# What is needed
Find the lines in the records below that contain "Purse", and report each of them.

# Records provided
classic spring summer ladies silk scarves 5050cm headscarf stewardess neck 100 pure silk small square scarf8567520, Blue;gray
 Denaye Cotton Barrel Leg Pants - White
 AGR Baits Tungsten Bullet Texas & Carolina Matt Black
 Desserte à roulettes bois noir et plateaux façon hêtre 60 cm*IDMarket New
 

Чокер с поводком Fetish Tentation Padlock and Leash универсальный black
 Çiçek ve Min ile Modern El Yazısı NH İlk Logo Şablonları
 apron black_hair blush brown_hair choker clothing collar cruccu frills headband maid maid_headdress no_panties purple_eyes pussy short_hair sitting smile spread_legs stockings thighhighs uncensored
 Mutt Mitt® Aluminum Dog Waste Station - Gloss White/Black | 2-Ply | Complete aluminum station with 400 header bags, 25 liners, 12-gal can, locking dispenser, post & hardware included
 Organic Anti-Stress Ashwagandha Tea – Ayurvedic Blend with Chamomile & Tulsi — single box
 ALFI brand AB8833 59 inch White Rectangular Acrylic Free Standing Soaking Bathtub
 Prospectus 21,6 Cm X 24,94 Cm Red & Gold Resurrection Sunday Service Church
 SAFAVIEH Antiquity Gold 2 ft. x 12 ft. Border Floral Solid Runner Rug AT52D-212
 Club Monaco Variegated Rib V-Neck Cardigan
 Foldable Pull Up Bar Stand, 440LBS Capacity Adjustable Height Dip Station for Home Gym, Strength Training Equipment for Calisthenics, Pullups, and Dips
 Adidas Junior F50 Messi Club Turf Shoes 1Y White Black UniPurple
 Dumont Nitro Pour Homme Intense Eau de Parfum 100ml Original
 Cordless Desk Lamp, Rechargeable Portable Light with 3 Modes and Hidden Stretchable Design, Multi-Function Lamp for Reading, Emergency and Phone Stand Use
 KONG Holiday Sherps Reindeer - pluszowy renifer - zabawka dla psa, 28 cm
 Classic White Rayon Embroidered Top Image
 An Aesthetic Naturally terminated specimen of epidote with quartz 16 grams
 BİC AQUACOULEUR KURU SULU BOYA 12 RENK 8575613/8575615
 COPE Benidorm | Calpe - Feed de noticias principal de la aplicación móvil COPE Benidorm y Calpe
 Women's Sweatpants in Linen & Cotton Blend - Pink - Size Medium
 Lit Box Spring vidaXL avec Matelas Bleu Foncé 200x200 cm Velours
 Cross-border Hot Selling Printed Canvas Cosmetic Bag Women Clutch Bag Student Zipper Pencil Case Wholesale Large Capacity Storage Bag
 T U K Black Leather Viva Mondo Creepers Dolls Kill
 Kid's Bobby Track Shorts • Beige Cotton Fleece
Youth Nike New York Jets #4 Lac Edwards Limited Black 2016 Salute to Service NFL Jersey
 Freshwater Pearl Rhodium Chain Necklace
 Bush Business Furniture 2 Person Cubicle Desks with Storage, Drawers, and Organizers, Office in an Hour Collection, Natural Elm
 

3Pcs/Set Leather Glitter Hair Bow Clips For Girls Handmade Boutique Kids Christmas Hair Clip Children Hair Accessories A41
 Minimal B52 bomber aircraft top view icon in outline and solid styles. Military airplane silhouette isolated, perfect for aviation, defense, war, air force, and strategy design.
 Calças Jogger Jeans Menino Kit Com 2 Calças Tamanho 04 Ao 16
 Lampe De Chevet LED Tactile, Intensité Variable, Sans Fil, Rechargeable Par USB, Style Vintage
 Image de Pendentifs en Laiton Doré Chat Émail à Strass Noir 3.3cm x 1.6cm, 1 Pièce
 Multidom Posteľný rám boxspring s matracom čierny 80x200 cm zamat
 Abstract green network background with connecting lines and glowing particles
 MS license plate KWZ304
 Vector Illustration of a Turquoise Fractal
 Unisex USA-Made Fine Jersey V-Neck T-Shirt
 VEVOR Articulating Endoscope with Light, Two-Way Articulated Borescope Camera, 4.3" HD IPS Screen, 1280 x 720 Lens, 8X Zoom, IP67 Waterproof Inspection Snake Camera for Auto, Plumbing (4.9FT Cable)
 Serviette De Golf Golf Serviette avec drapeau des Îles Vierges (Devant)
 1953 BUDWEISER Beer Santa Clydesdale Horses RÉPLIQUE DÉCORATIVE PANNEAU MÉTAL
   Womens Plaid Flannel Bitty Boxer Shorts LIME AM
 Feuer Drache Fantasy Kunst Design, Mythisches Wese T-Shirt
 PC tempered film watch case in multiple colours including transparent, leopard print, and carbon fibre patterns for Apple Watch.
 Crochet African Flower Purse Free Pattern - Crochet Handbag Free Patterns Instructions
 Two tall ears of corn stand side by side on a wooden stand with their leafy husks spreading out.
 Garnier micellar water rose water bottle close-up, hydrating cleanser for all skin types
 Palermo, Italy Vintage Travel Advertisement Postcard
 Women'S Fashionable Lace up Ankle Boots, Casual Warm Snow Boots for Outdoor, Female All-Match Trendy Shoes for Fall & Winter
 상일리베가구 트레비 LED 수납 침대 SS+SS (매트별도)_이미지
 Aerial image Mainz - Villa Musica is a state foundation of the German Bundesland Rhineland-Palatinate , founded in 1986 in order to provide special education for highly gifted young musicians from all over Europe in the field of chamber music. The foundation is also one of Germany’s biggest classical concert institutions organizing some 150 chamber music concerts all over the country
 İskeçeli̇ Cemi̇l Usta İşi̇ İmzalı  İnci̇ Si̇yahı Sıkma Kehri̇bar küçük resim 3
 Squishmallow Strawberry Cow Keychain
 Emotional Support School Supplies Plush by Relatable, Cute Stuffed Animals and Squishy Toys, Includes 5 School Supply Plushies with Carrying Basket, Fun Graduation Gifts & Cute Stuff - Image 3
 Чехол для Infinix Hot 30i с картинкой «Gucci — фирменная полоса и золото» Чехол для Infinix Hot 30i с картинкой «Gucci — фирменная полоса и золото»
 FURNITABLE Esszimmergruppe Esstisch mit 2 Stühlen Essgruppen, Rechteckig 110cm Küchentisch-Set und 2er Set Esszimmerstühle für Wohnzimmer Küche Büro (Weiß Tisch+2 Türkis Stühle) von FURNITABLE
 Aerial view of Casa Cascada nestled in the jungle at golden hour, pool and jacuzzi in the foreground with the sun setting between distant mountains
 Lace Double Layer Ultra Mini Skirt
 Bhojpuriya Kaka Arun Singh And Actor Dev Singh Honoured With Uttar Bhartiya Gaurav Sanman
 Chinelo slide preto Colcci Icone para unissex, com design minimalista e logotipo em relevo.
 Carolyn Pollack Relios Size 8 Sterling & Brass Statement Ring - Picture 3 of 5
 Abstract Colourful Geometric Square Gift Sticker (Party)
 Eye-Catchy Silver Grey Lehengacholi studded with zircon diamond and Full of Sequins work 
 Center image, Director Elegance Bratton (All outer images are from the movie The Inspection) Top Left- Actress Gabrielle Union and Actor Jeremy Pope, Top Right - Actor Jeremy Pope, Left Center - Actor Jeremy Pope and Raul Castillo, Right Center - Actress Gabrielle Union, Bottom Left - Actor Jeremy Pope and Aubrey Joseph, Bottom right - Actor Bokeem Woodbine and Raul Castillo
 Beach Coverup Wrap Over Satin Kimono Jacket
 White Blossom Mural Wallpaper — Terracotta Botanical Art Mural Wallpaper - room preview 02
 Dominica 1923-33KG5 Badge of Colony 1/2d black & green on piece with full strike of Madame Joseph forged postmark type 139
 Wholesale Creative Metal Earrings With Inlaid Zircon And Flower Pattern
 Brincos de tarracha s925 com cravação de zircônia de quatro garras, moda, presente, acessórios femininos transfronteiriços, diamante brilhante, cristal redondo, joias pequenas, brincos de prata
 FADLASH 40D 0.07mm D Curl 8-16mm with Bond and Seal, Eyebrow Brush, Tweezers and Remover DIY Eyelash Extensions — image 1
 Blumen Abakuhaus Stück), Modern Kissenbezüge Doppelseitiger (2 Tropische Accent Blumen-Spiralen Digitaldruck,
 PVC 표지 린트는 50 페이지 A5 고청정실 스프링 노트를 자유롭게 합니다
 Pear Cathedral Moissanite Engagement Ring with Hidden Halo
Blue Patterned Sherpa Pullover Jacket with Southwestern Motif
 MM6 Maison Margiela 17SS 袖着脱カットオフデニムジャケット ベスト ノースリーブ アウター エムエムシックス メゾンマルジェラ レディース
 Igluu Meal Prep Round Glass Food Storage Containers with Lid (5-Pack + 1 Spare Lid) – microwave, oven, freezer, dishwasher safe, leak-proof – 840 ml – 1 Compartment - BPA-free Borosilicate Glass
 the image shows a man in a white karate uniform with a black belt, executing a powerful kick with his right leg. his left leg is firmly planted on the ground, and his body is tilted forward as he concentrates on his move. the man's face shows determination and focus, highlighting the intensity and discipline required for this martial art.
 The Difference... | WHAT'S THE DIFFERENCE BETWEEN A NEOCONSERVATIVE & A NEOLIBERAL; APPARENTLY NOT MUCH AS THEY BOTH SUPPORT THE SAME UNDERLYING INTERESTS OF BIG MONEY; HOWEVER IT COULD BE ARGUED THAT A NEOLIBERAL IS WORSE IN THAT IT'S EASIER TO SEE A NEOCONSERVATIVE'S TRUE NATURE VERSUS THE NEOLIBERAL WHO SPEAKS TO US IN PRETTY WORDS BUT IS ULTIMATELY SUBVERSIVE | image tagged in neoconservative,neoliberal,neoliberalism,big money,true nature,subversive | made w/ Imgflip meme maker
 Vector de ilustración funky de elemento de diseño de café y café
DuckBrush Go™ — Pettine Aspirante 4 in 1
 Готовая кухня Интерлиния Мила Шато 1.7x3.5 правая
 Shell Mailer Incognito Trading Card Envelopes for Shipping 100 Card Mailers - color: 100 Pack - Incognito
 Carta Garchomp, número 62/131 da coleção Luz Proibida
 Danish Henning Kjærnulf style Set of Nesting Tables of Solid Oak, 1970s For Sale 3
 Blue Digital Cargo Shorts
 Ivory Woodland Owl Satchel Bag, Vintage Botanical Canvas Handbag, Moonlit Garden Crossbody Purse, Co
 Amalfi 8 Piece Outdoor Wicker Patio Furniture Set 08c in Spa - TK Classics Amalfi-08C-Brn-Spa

# Solution below
 Crochet African Flower Purse Free Pattern - Crochet Handbag Free Patterns Instructions
 Ivory Woodland Owl Satchel Bag, Vintage Botanical Canvas Handbag, Moonlit Garden Crossbody Purse, Co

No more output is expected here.